In October of 2007 Nokia announced that they were going to purchase Navteq for a cool $8.1 billion. Many analysts were dumbfounded by the move, but in the end it could be explained by simple economics. Rather than having to fork over hundreds of millions of Euros a year to put mapping data on the over 100 million smartphones Nokia ships year after year, it would instead be cheaper to own the mapping data itself. Advertisements can also be put on top of that mapping data, so when other companies need tiles to render a city, state, or country, targeted ads can be laid on top. It’s been 3.5 years, and except for Ovi Maps making turn by turn navigation a free feature in order to compete with Google Navigation, not much has been done with the Navteq acquisition. That’s supposedly going to change starting on May 1st when Nokia’s Tero Ojanpera (pictured above) and Navteq’s CEO Larry Kaplan create a new business unit within Nokia that focuses on building social location services and will also work together with Microsoft on creating a new brand that will some day, maybe, be more popular than Google Maps.

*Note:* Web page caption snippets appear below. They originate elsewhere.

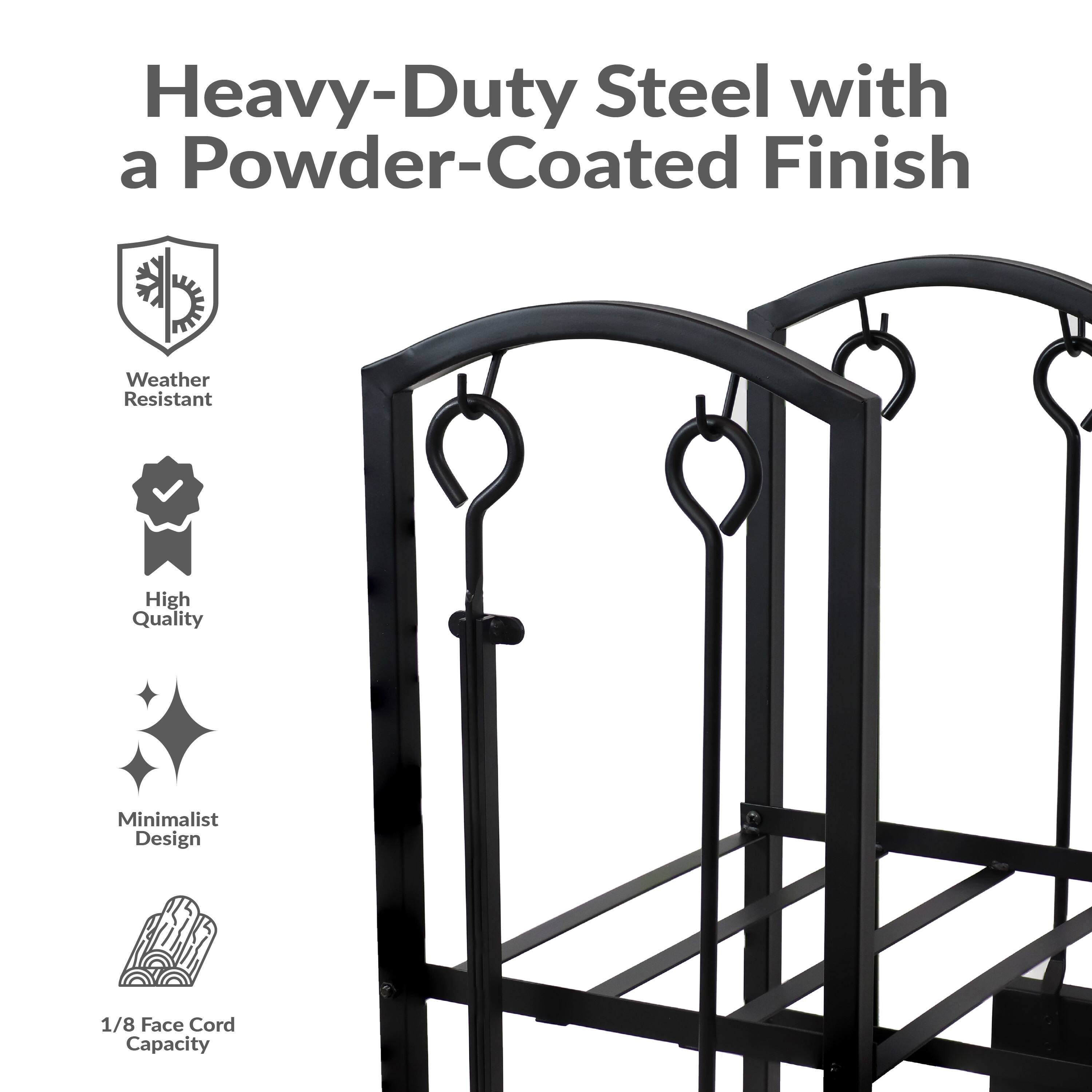 Heavy-Duty Steel with a Powder-Coated Finish

- Weather Resistant
- High Quality
- Minimalist Design
- 1/8 Face Cord Capacity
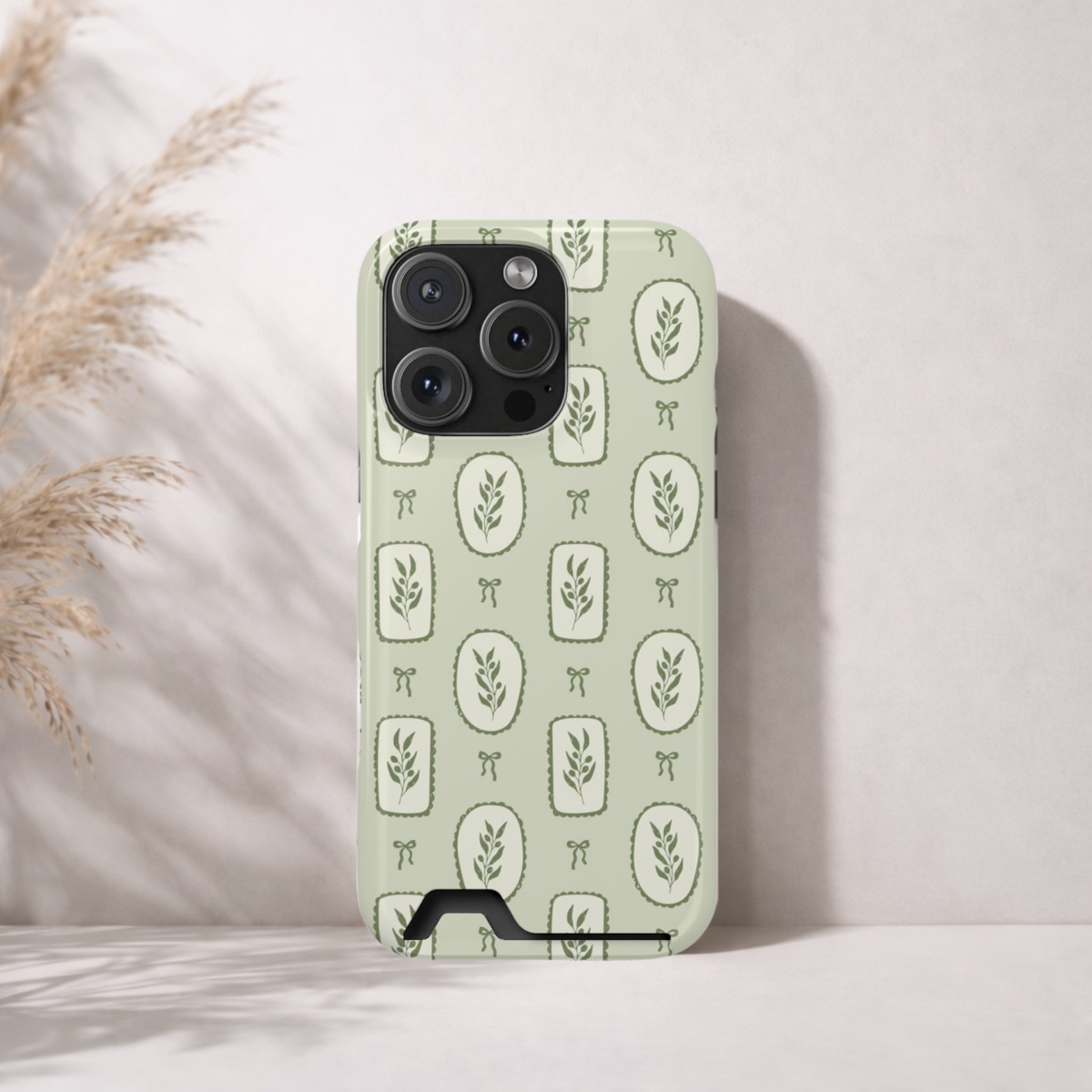 Sage Botanical Bow Phone Case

If the name Tero Ojanpera sounds familiar to you, then you’re aware that he has had two previous roles within Nokia. He was once the Chief Technology Officer, and his job was to sit on his ass and think about what mobile phones would look like in the next 5 to 10 years. Next he was head of Nokia’s “Entertainment and Communities” unit where his job was to fly between Helsinki and Hollywood to try and turn Nokia into a credible supplier of content. There is no question that in both of these roles he has failed, so pardon us for saying this, but how exactly is he going to a Foursquare clone off the ground?

  • Anonymous

    I too cannot understand how Nokia’s legacy executive management has survived Elop’s first 6 months. So many of them have had so deeply flawed performance records over the past 3 years that they are starting to make Morris the Cat’s nine lives look blase.